A pandemia levou a que se fechassem inúmeras fronteiras. Muitos imigrantes pretendem regressar aos seus países de origem, apesar de os serviços de saúde terem uma limitada capacidade na maioria desses países. Nesta fase de crise aguda mundial, numerosos imigrantes querem estar com as suas famílias – só que mais de dois milhões, porventura muitos mais, não o conseguem agora fazer.
António Vitorino, diretor-geral da Organização Internacional das Migrações, com sede em Genebra, chamou a atenção para este problema inédito, apontando a retoma da circulação das pessoas à escala global como o desafio do futuro.
Por outro lado, a Comissão Europeia apresentou uma nova proposta para a UE enfrentar, tão unida quanto possível, a imigração ilegal.
Em 2015, registaram-se quase dois milhões de entradas ilegais na Europa comunitária. Nessa altura, Merkel mostrou-se recetiva a receber na UE esses migrantes.

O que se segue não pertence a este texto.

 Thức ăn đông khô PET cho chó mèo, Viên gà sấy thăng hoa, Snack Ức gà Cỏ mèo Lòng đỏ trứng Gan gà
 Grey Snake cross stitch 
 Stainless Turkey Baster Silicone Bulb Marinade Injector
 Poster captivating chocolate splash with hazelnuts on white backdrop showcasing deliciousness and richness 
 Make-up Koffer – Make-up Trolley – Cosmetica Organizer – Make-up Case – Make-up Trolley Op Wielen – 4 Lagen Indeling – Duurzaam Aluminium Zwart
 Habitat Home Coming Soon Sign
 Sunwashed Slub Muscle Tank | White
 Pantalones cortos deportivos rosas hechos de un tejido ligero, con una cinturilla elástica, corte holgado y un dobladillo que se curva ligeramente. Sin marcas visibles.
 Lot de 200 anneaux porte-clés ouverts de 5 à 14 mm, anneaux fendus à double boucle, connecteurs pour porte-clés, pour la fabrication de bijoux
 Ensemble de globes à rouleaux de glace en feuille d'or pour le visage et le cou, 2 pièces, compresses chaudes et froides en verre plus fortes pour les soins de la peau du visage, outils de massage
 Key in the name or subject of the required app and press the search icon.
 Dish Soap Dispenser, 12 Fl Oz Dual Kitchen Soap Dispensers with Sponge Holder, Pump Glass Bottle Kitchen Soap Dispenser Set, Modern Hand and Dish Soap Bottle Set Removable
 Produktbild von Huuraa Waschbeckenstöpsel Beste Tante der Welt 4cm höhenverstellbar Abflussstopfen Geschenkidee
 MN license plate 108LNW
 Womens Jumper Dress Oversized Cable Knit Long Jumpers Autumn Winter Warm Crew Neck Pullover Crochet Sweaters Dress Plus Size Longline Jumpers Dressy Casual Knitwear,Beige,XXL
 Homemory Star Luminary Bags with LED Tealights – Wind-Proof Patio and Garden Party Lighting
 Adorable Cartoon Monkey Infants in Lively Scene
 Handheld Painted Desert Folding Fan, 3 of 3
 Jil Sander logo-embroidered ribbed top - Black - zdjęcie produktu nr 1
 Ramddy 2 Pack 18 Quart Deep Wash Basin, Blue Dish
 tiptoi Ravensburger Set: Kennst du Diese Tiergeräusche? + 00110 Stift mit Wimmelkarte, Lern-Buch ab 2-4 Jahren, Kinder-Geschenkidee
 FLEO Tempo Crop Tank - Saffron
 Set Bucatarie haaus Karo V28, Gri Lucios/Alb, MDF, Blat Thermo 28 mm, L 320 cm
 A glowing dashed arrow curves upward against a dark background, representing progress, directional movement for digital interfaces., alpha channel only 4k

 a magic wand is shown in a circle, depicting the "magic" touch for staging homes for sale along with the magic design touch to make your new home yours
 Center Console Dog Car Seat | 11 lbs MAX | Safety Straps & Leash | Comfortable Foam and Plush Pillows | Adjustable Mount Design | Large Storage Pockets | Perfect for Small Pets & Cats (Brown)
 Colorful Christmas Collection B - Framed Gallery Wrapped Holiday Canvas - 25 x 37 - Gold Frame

Pouco depois teve que recuar, dada a forte reação de hostilidade a imigrantes da parte de vários Estados membros e da própria opinião pública alemã.
A Comissão anterior tentou fazer aprovar um plano que envolvia quotas. Mas países como a Hungria, a Polónia, a República Checa, a Áustria e outros recusaram terminantemente receber imigrantes.
Hoje, o afluxo ao território europeu de migrantes ilegais é bem menor do que era há cinco anos – 142 mil em 2019. Mas a tragédia do incêndio no maior campo de refugiados do mundo, em Mora, na ilha grega de Lesbos, veio mostrar que a situação atual não é aceitável.
Daí a recente proposta da Comissão, a qual, basicamente, visa a que todos os países da UE contribuam para atenuar a crise da imigração clandestina. Uns, recebendo refugiados, outros contribuindo financeiramente, e não só, para repatriar ilegais, uma tarefa complexa. O embaixador polaco na UE já torceu o nariz à proposta da Comissão, dizendo não aceitar medidas obrigatórias, como os repatriamentos.
Veremos qual o destino desta nova proposta – as perspetivas não são favoráveis. Até certo ponto é compreensível a hostilidade dos países do antigo império soviético a receber estrangeiros. A maioria desses países apenas depois da I Guerra Mundial se constituiu como Estado; têm, por isso, problemas de identidade nacional, que, por exemplo, nós, portugueses, não temos, além de não sermos alvo de uma significativa massa de imigrantes ilegais.
A Itália nasceu como país na segunda metade do séc. XIX. Talvez por causa dessa situação, acrescida pela circunstância da grande vaga de migrantes ilegais atravessar o Mediterrâneo, o líder da Liga, Salvini (que dominava o anterior governo italiano), fez da recusa à entrada de migrantes a sua grande causa política.
Ora, nas recentes eleições municipais e regionais em Itália, em 20 e 21 de setembro, Salvini sofreu uma pesada derrota; já se fala na sua possível substituição na liderança da Liga (partido de extrema-direita que ainda há poucos anos defendia livrar-se da Itália do Sul e constituir um novo país, a Padânia, na Itália do Norte). A hostilidade a imigrantes era a principal bandeira dos partidos eurocéticos de extrema direita, que Salvini, com Marine Le Pen, capitaneava.
Na Suíça também um partido de extrema–direita há anos que combate a imigração. Mas num referendo realizado no passado domingo uma maioria expressiva rejeitou a proposta de cessar o acordo suíço com a UE sobre livre circulação de pessoas. Uma boa notícia para os portugueses que trabalham e vivem na Suíça, onde são a terceira maior comunidade estrangeira.
Os extremistas de direita parecem não se dar bem com estes tempos de pandemia. Ao menos o coronavírus não tem só inconvenientes.
Por último, saliente-se a elogio a Portugal, da presidente da Comissão, Ursula von der Leyen, durante a sua visita a Lisboa, quando saudou “a decisão histórica do Governo de conceder direitos temporários de cidadania aos migrantes e aos requerentes de asilo, para que pudessem ter acesso à segurança social ou aos cuidados de saúde”.